Il suo futuro ruolo internazionale, già temuto e sorvegliato con sospetto da altri attori come Israele, Europa e Stati Uniti, sarà anche la cartina di tornasole di quanto la lunga e tumultuosa primavera democratica sarà stata in grado di potenziare la forza diplomatica del mondo arabo. Lo storico accordo di riconciliazione firmato tra Fatah e Hamas al Cairo la scorsa primavera con la mediazione egiziana, insieme all’affare dello scambio tra il soldato israeliano Gilad Shalit e i prigionieri palestinesi, avvenuto tra Hamas e Israele sempre grazie all’opera diplomatica del Cairo (mentre ancora il Paese è in parte percorso dalle tensioni del dopo rivoluzione), hanno dato il primo “assaggio” di quello che il nuovo Egitto democratico potrebbe essere in grado di ottenere sulla scena internazionale già nel prossimo futuro.

Conclusioni

Il governo di Erdogan sembra essere consapevole del potenziale egiziano, ed è infatti stato l’Egitto la prima tappa del suo tour trionfale attraverso i Paesi arabi. Durante gli incontri bilaterali del Cairo Erdogan e Davotoglu hanno sottolineato con forza e più volte la necessità di una futura salda alleanza turco-egiziana in grado di determinare gli equilibri del Medio Oriente. A questo scopo il premier turco ha portato con sé una numerosa delegazione di uomini d’affari turchi per la firma di numerosi contratti e accordi che porteranno nei suoi piani a rafforzare sin da subito i già forti legami economico-commerciali fra i due Paesi.

Le possibilità di una alleanza turco-egiziana dal grande potenziale per gli equilibri della regione è tutt’altro che improbabile.
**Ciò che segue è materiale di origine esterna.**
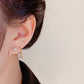✨ ¡OFERTA POR TIEMPO LIMITADO 50% DE DESCUENTO! 💎 Aretes de Garra Brillante con Diseño de Estrella y Gema Colgante – Elegancia Sin Esfuerzo ✨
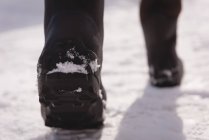 Niedriger Abschnitt des Menschen, der auf einer verschneiten Region geht — Stockfoto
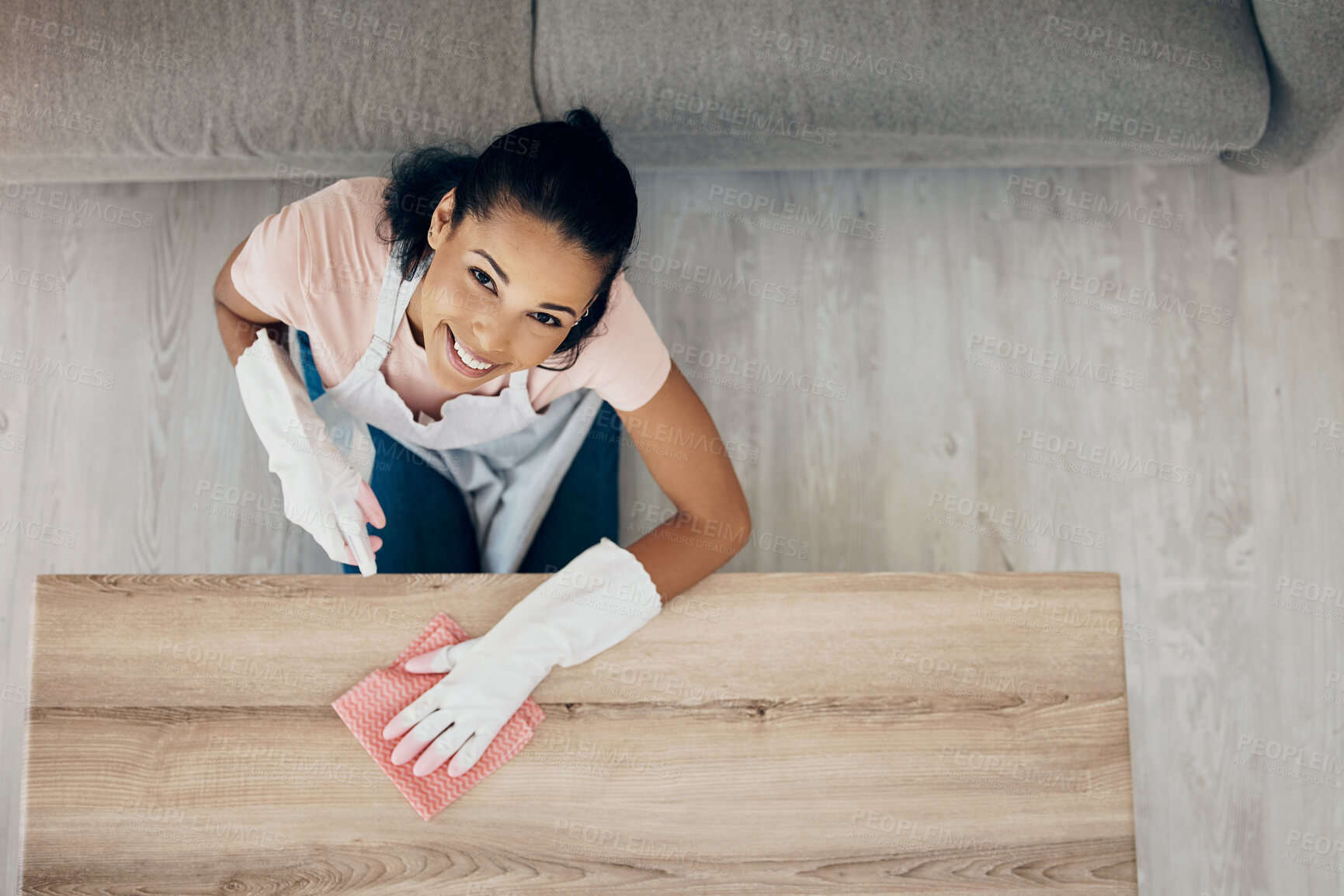 Buy stock photo Cleaning, table and portrait of a woman in a house to clean with supplies, chemical and cloth. Above young female or cleaner in a lounge, apartment or room with a smile to polish wood or wipe dirt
La vera questione che si presenterà nei prossimi anni verterà invece su quale dei due Paesi sarà il vero dominatore dell’alleanza e soprattutto su quanto la Turchia riuscirà a piegarla per i suoi scopi rivolti soprattutto all’Europa e all’Occidente.

La storia passata del Medio Oriente ci dimostra come la sua parte araba abbia sempre mal sopportato i tentativi di egemonia da parte delle altre potenze non arabe della regione (il caso dell’Iran è particolarmente indicativo) o esterne ad essa (URSS, Stati Uniti, Gran Bretagna, Francia). Mentre infatti ora la Turchia ed Erdogan vengono guardati con ammirazione e gratitudine e molto inchiostro viene versato per ricordare quanto Turchia e mondo arabo siano legati da grandi rapporti culturali e storici, in pochi anni questo stesso mondo arabo potrebbe ricordarsi di come questi rapporti storici derivano in primo luogo dall’era ottomana e dalla dominazione turca subita dagli arabi per secoli. Un ruolo che certamente le società arabe hanno dimostrato di non voler più recitare.

Non è inoltre da escludere che l’influenza turca possa essere minata soprattutto dalla possibilità che vengano al pettine alcuni nodi irrisolti che riguardano la sua crescita economica e i numerosi scenari internazionali in cui il paese è impegnato.

In questo possibili scenari futuri, il Paese che più degli altri si candida a guadagnare a discapito della Turchia in termini di influenza ed egemonia nella regione è certamente l’Egitto, se sarà davvero in grado di portare la propria transizione democratica a buon fine.